É onde estamos hoje com a pandemia, e nossa incerteza sobre suas origens está ligada a questões cruciais sobre a probabilidade de futuros surtos, a inteligência e a segurança de projetos de pesquisa científica com financiamento público e, claro, nosso relacionamento com a China. Por mais energia que nossas instituições estejam aplicando para resolver essa questão, parece que mais seria uma boa ideia.

O que aconteceu entre Brett Kavanaugh e Christine Blasey Ford?

Esse é um caso em que os partidários de ambos os lados têm certeza de que sabem a resposta, e todos os outros seguiram em frente –e talvez seguir em frente seja apenas a coisa razoável.

Mas os partidários de Ford continuam trabalhando, convencidos de que o que falta é uma rede mais ampla, mais alegações além das dela: um documentário sobre o caso de Doug Liman, diretor de "Swingers" e "A Identidade Bourne", aparentemente se concentra novamente nas alegações e supostos incidentes do tempo de Kavanaugh em Yale.
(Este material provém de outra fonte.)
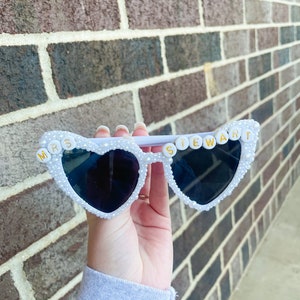 Custom Bride Wedding Pearl Heart Shaped Sunglasses, Embellished with Pearls, As Seen on TikTok, Bachelorette Gift for Bride image 4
O juiz da Suprema Corte Brett Kavanaugh, então indicado ao tribunal, depõe a comitê do Senado americano, em Washington
O juiz da Suprema Corte Brett Kavanaugh, então indicado ao tribunal, depõe a comitê do Senado americano, em Washington - Saul Loeb - 27.set.18/AFP

Mas o que eu pensava durante as audiências no Senado em 2018, e ainda penso hoje, é que a acusação inicial de Ford deveria ser mais passível de investigação focada. O que significa que, se Ford estava dizendo a verdade ou mentindo, ou se lembrando mal de alguma forma importante, deveríamos ser capazes de obter pelo menos um pouco mais de certeza de todas as pessoas diferentes que estavam conectadas à suposta festa –dos nomes na agenda de Kavanaugh à própria família Ford a conexões mútuas de Kavanaugh e Ford e muito mais. Pensei então que alguém na grande Georgetown sabia mais do que havia sido revelado, de uma forma ou de outra, e ainda penso isso hoje.

Gostaria de ler o relatório final do FBI que os senadores leram antes de votar, por insuficiente que fosse. E quem sabe –talvez encontre esse relatório sob um altar no templo de Epstein ou preso a uma das cordas que os pilotos pensaram ter visto penduradas do UAP perto do Lago Huron pouco antes de derrubá-lo.